In Luther v. Borden,[17] the Supreme Court in 1849 held that questions arising under the Guarantee Clause are generally political, and not judicial, in character.[18] Luther was formally an action for damages for trespass, but under the rather "unusual" circumstances of Dorr's Rebellion, a pro-suffrage revolt that led to two competing claimants for Rhode Island's lawful government.[19] The defendants in Luther justified their breaking and entering into the plaintiff's home under a declaration of martial law and based on the plaintiff's alleged participation in insurrection. The plaintiff questioned the authority and republican character of the state government, alleging the defendants to be the insurrectionists.[20] Thus, to adjudicate the trespass claim in Luther was in effect to decide "which of two rival governments was the legitimate government of Rhode Island."[21]

Chief Justice Roger Taney held that the political branches of government, and not the federal courts, should decide such questions: "it rests with Congress to decide what government is the established one in a State . . . as well as its republican character."[22]

Luther further held that it rested with Congress to determine the proper means to fulfill the guarantee of protection to the states against insurrection.[23] Although the Court suggested that Congress might have empowered the Judiciary to decide whether the federal government should intervene, Congress had instead authorized the President to call out the militia in the case of insurrection against a state's government.[24] It followed, reasoned Chief Justice Taney, that the President "must, of necessity, decide which is the government, and which party is unlawfully arrayed against it, before he can perform the duty imposed upon him by the act of Congress"; this political determination is not subject to judicial review.[25]

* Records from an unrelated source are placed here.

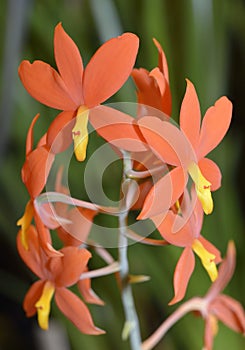 Yolk-Yellow Prosthechea Orchid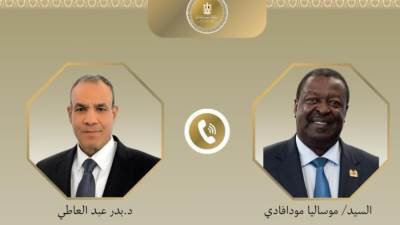 اتصال هاتفي بين وزير الخارجية والهجرة ونظيره الكيني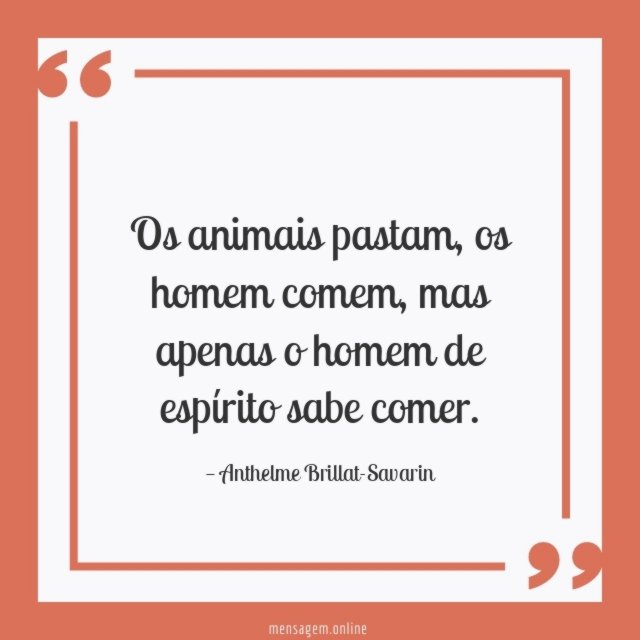Os animais pastam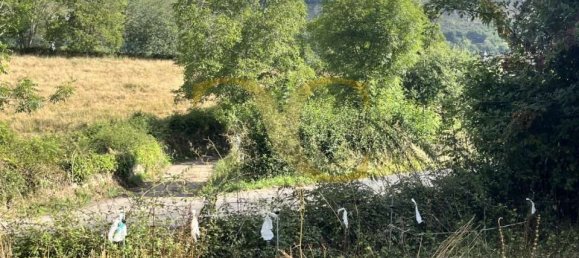 Propriété commerciale à Pilona, Spain 2825m² No. 140454 14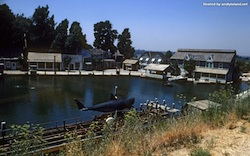 Shark Maintenance in 1977, courtesy Scott Weller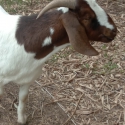 Goats -Boer, Anglo Nubian X Boer, herd or single goats with Kids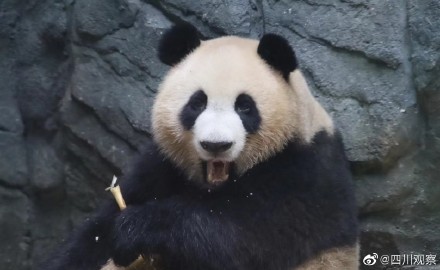 大熊猫像不像啃甘蔗的你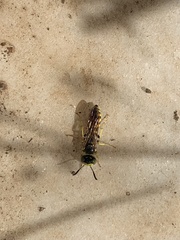 Philanthus ventilabris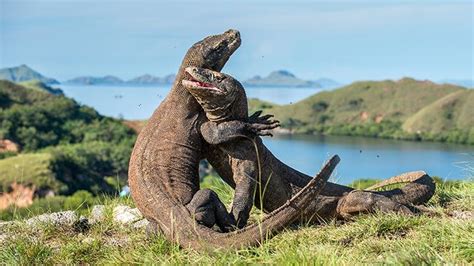 Labuan Bajo Tourism Associations Reject Komodo Island's Ticket at Rp3 ...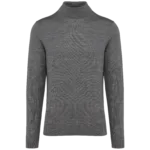 Pull Mérinos col roulé homme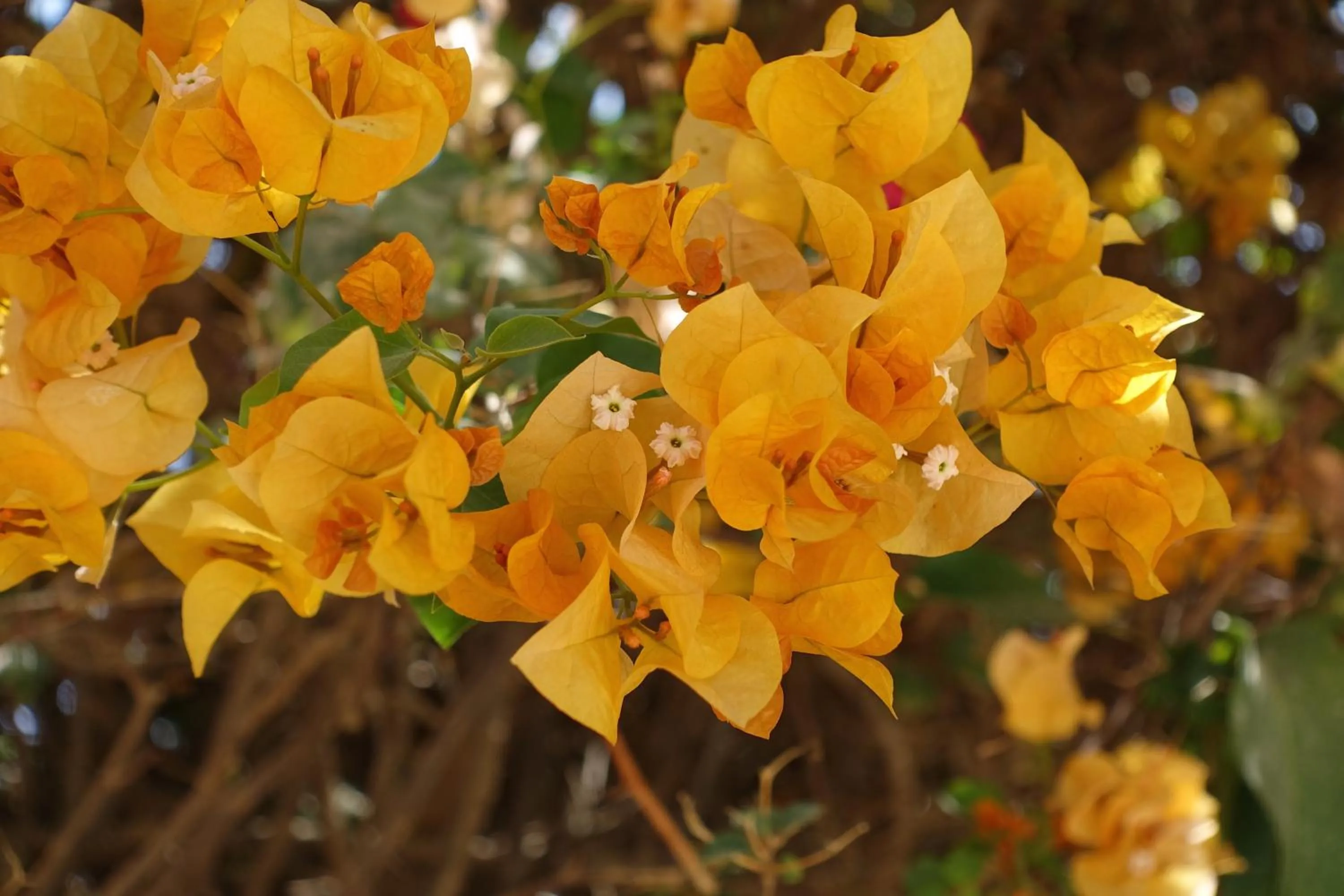 Garden view in Keur Marrakis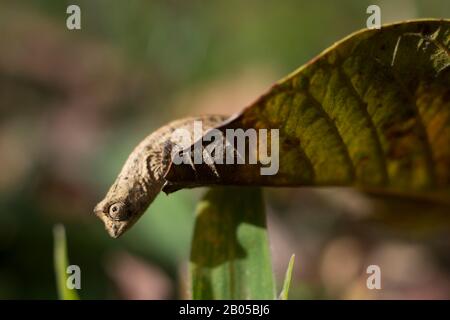 Pygmäen-Blattchamäleon (Brookesia minima) im Mandraka Reserve bei Moramanga, Madagaskar Stockfoto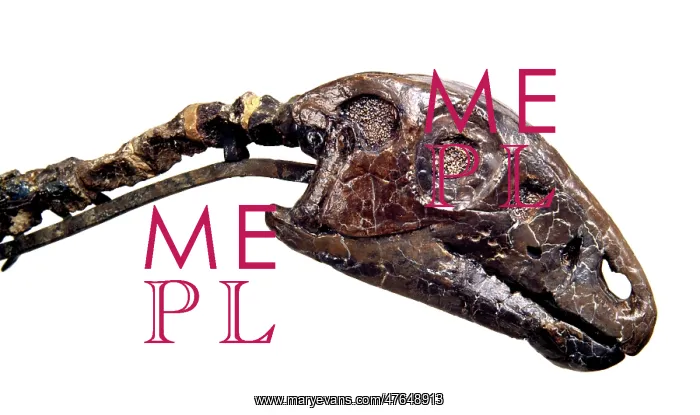 : Hypsilophodon skull : Hypsilophodon skull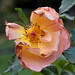 Rose Herbst Photo 9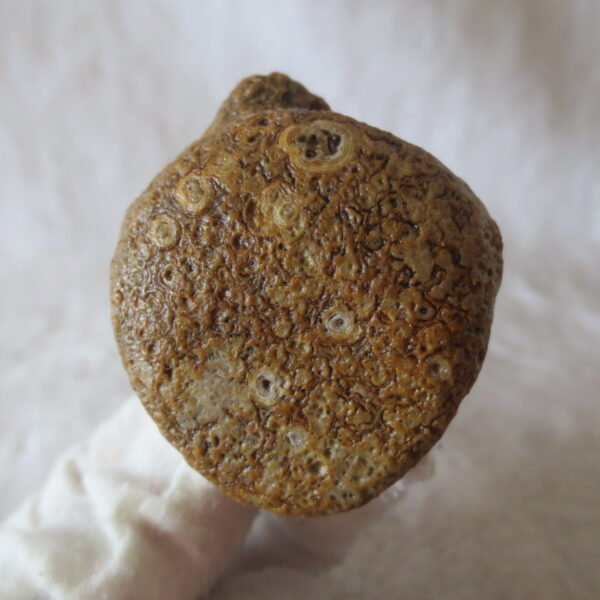 natural gobi eye stone，raw oracle eye agate，collectible crystal specimen (m102) (copy)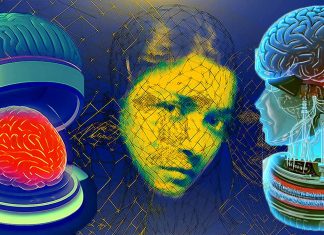 Closed-Loop Deep Brain Stimulation Enhances Hippocampo-Thalamocortical Synchronization and Memory Consolidation during Sleep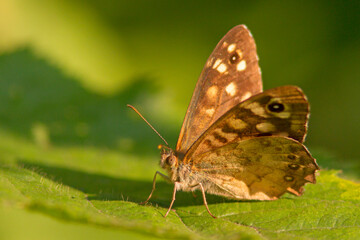 Osadnik egeria (Pararge aegeria) © Grzegorz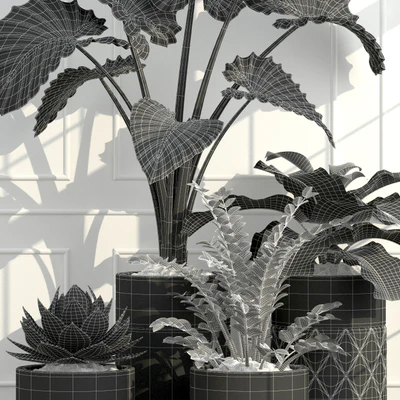 Longhi Godwin — Вид 3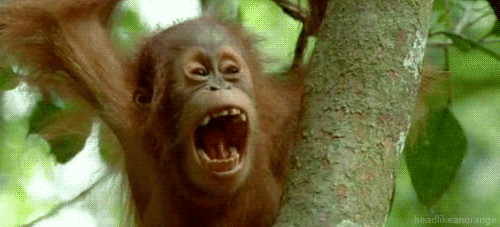 Orangután asustado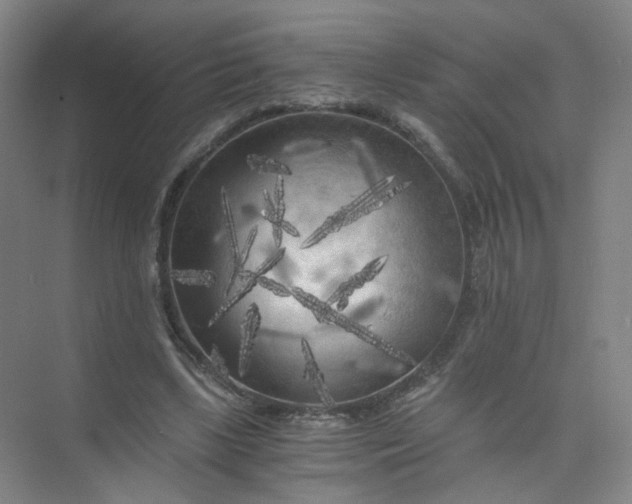 X0000073980443200609051915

During Reconstruction, the Court in Texas v. White posited that the President's actions in establishing temporary state governments in the defeated Confederate states at the end of the Civil War was justified as an exercise of his powers as Commander in Chief.[26] Because "the power to carry into effect the clause of guaranty is primarily a legislative power, and resides in Congress," however, those arrangements were necessarily provisional.[27] It was generally up to Congress to organize and recognize new republican governments in these states.[28]

The next major controversies under the Guarantee Clause arose in the Progressive Era, where various state popular democratic reforms were alleged to destroy the republican form of government ensured by the Clause. In Pacific States Telephone & Telegraph Co. v. Oregon, the Supreme Court in 1912 declined to address a claim that the popular initiative and referendum provisions of Oregon's Constitution violated the Guarantee Clause.[29] Relying on Luther v. Borden, the Court dismissed the case for lack of jurisdiction as a political question "conferred upon Congress and not, therefore, within the reach of judicial power."[30]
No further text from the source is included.